Ciri levantó una mano, y las hechiceras vieron cómo la sangre le corría por la palma. Por la línea de la vida.

– Se ha cerrado el círculo -dijo la muchacha, con los ojos cerrados-. La espina de la rosa de Shaerrawedd me ha herido, y la serpiente Uroboros ha clavado los dientes en su propia cola. ¡Voy, Geralt en tu ayuda! ¡No te dejaré solo!

Antes de que ninguna de las hechiceras tuviera tiempo de protestar, la chica hizo volverse a Kelpa y en un momento la puso al galope.

Yennefer y Triss tuvieron suficiente presencia de ánimo para espolear de inmediato a sus propios caballos. Pero sus cabalgaduras no se podían comparar con Kelpa.

– ¿Qué será? -gritaba Yennefer, cortando el viento-. ¿Qué estará pasando?
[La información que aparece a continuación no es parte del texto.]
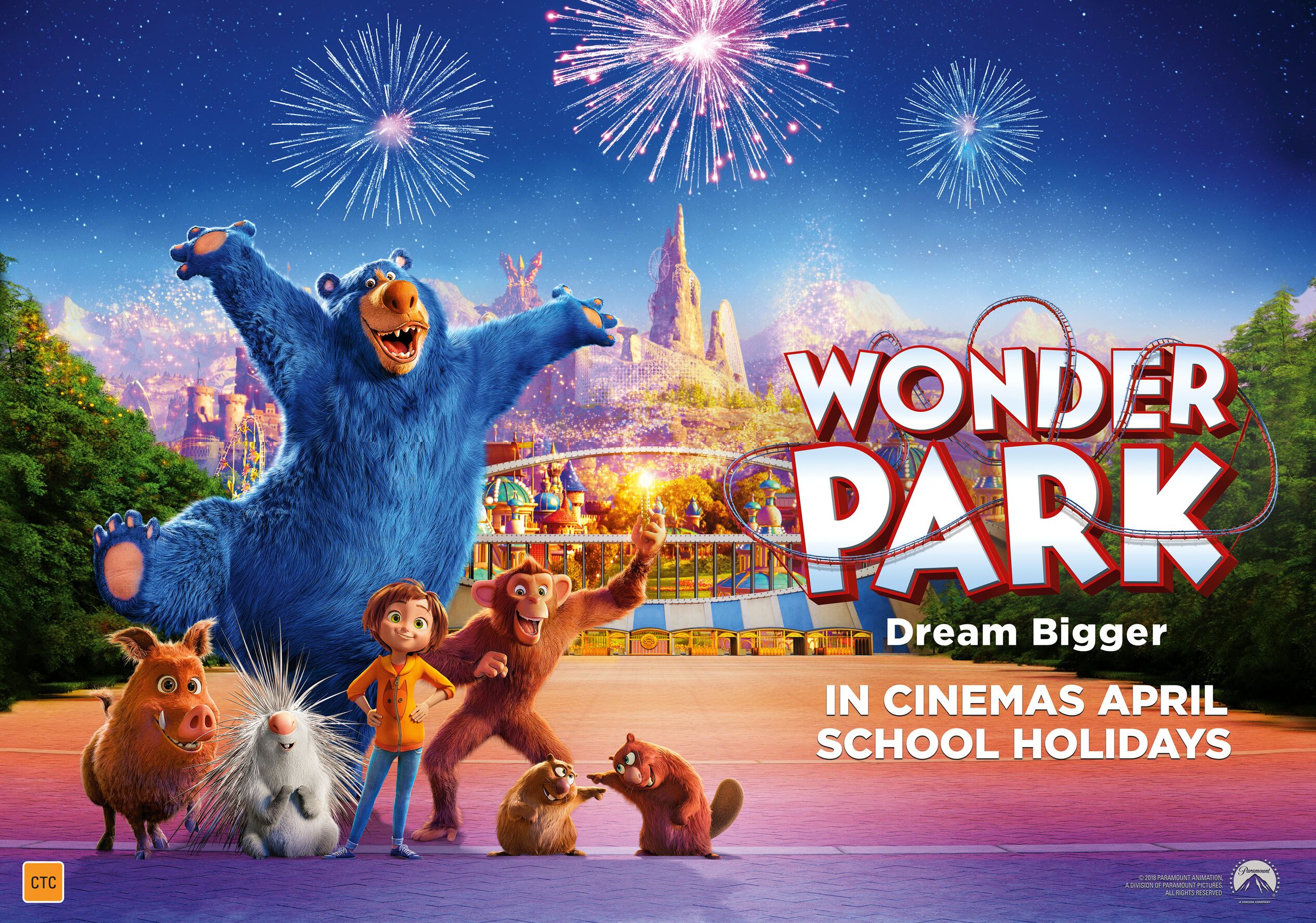 Wonder park. Wonder парк. Вандер парк школа. Парк развлечений фильм 2019 Постер. Wonder Park Fancaps.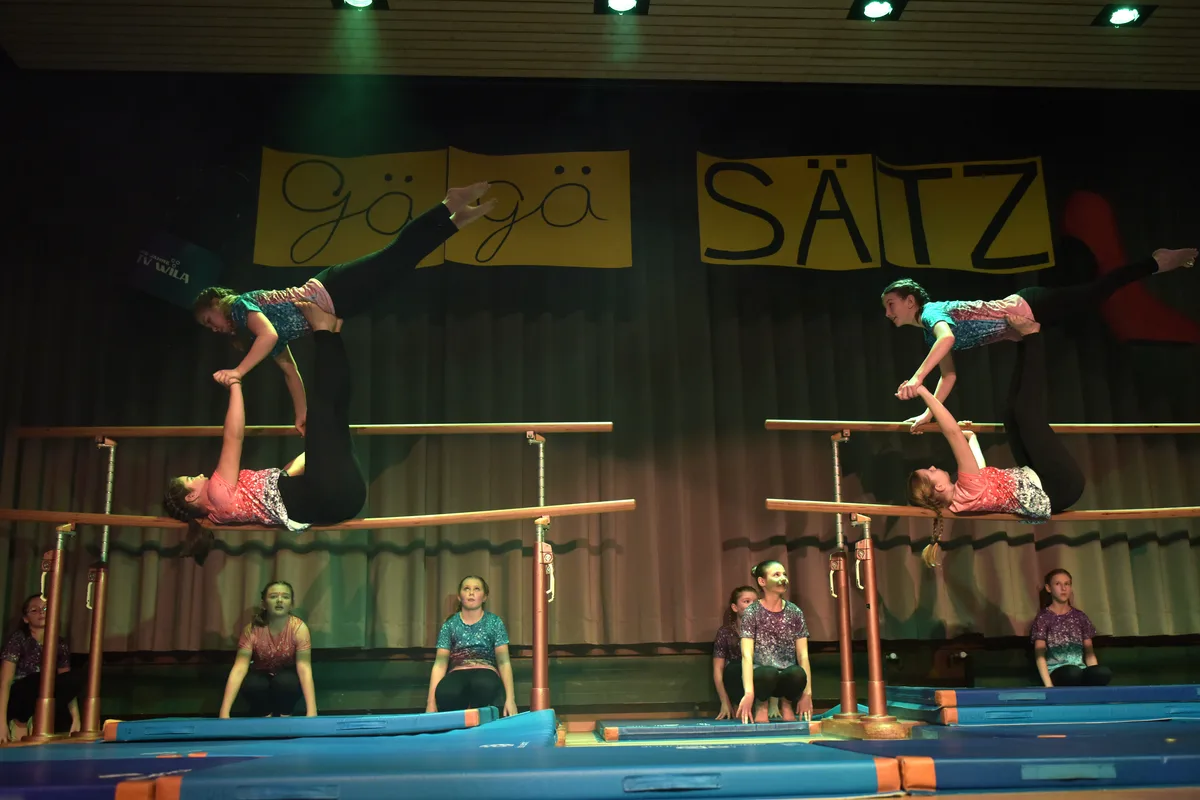 Die Turnshow des TV Wila fand am 27. Januar sowie am 3. Februar 2024 im Schulhaus Eichhalde statt.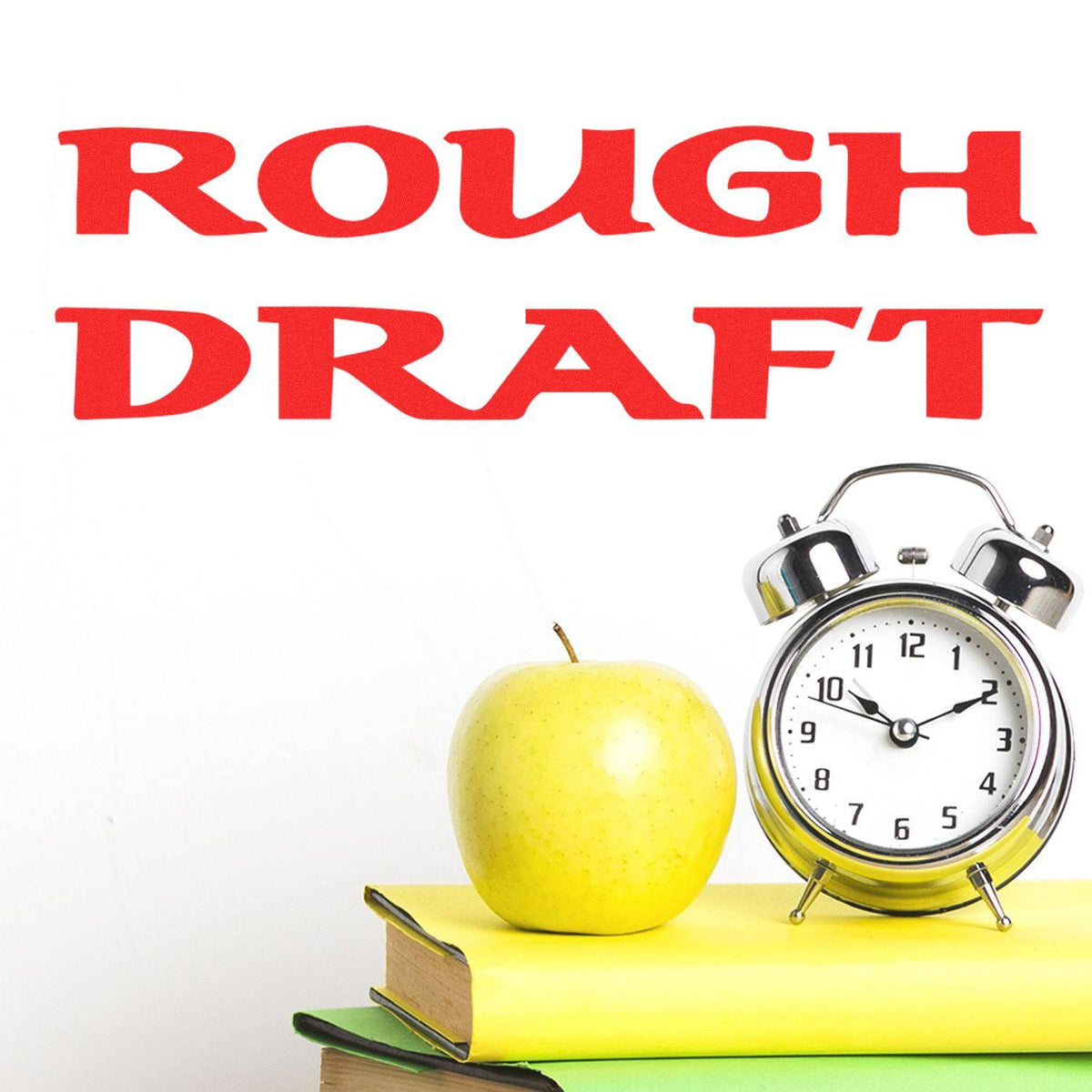 Large Pre-Inked Bold Rough Draft Stamp In Use Photo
– ¡Lo sabes de sobra! -Triss sollozaba, cabalgando a su lado-. ¡Vuela, Yennefer!

Antes de llegar a las chozas del arrabal, antes de cruzarse con los primeros fugitivos que abandonaban la ciudad, Yennefer tenía ya una imagen suficientemente clara de la situación como para saber que lo que estaba pasando en Rivia no era un incendio ni un asalto de tropas enemigas, sino un pogromo. También sabía qué era lo que había presentido Ciri, hacia dónde -y hacia quién- corría de esa manera. Sabía igualmente que no podía darle alcance. No había nada que hacer. Había mucha gente apiñada, presa del pánico, y Triss y ella tuvieron que frenar bruscamente sus monturas ante la multitud, y a punto estuvieron de salir despedidas de los caballos. Kelpa, sencillamente, pegó un salto, los cascos de la yegua derribaron unos cuantos sombreros y gorras.

– ¡Ciri! ¡Para!

Antes de que se dieran cuenta, se encontraron en medio de las callejas atestadas de gente que corría y chillaba. Yennefer, según pasaba, vio cuerpos tirados en los sumideros, se fijó en los cadáveres colgados de las piernas en postes y vigas. Vio a un enano tendido en el suelo, machacado a bastonazos, vio a otro al que habían masacrado con cuellos de botellas rotas. Oyó gritos de torturadores, gritos y alaridos de torturados. Vio a la muchedumbre arremolinándose alrededor de una mujer defenestrada, vio centellear unas barras que subían y bajaban al compás.